PROBLEM DETAILS → The entries below are to be copied exactly, with every picture left out.

DATA PROVIDED →
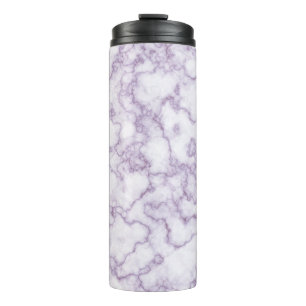 Marble Pattern Paars Thermosbeker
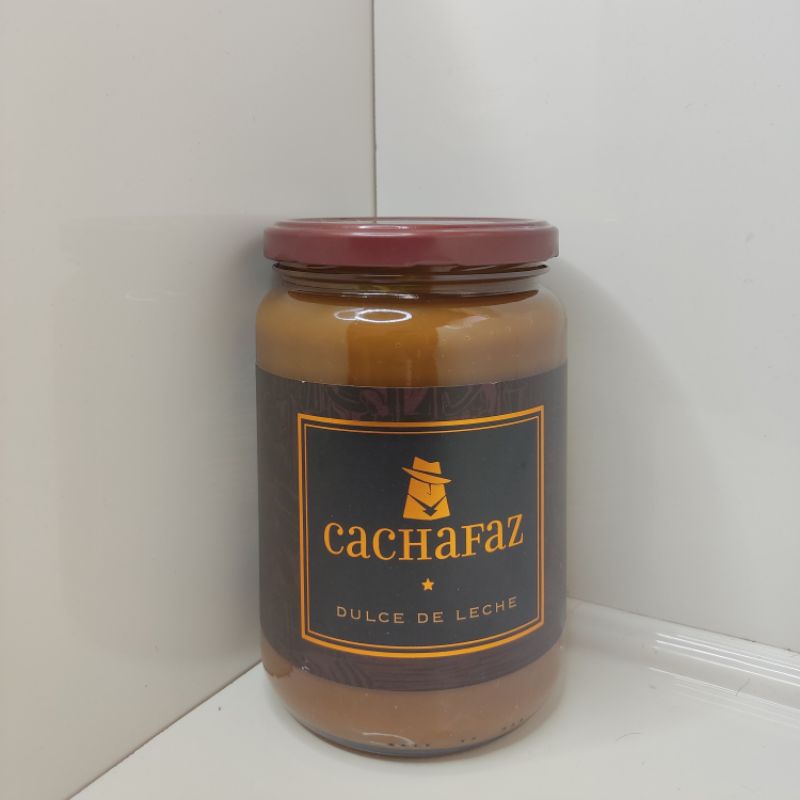 Doce de leite Argentino Cachafaz 800g.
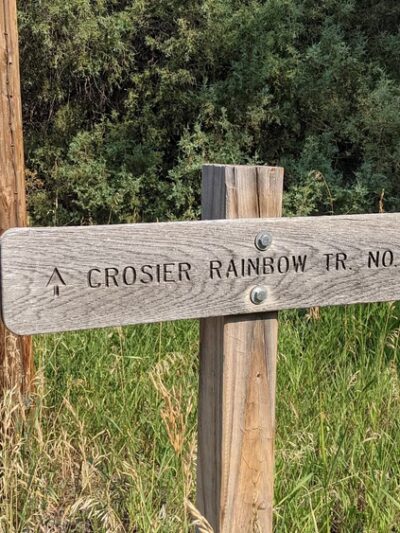 Crosier Mountain Rainbow Trailhead (#981) - Drake, CO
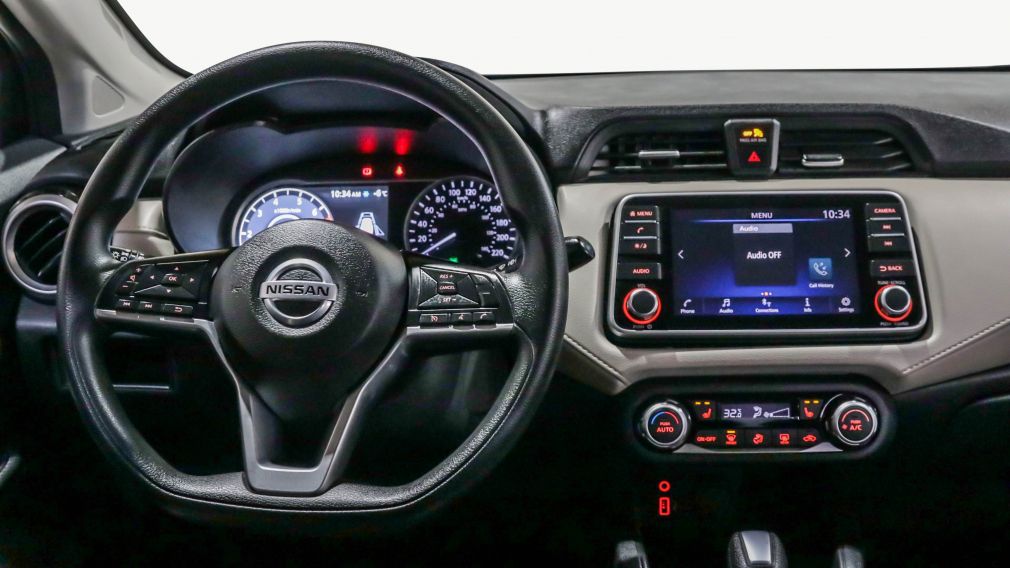 2021 Nissan Versa SV AUTO AC GR ELECT MAGS CAMERA RECUL BLUETOOTH #10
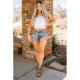 Snakeskin Criss Cross Lace-up Hollowed Gladiator Sandals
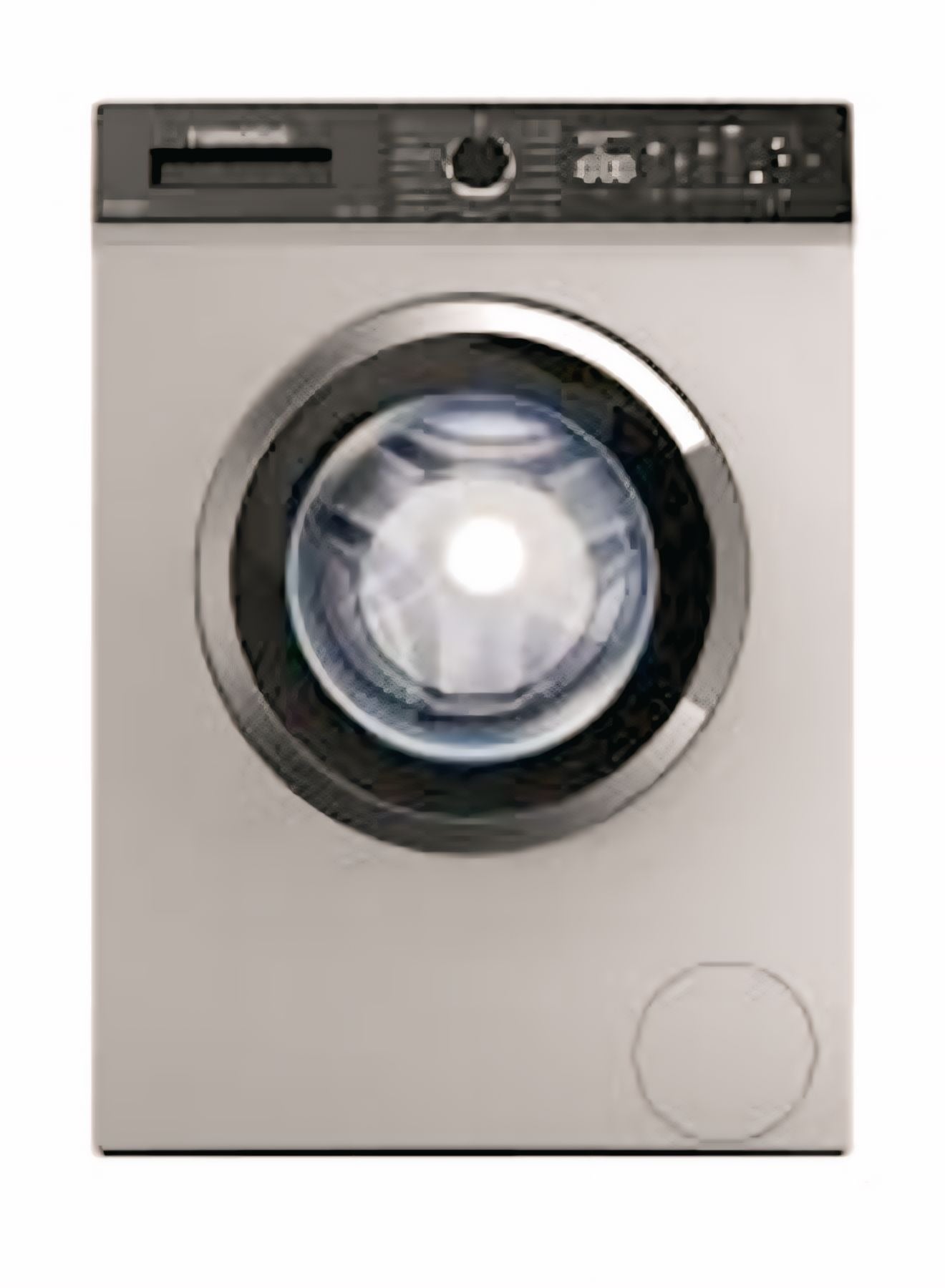 TORNADO Washing Machine Fully Automatic 7 Kg Silver TWV-FN710SLOA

WRITTEN REPLY →
 Marble Pattern Paars Thermosbeker
 Doce de leite Argentino Cachafaz 800g.
 Crosier Mountain Rainbow Trailhead (#981) - Drake, CO
 2021 Nissan Versa SV AUTO AC GR ELECT MAGS CAMERA RECUL BLUETOOTH #10
 Snakeskin Criss Cross Lace-up Hollowed Gladiator Sandals
 TORNADO Washing Machine Fully Automatic 7 Kg Silver TWV-FN710SLOA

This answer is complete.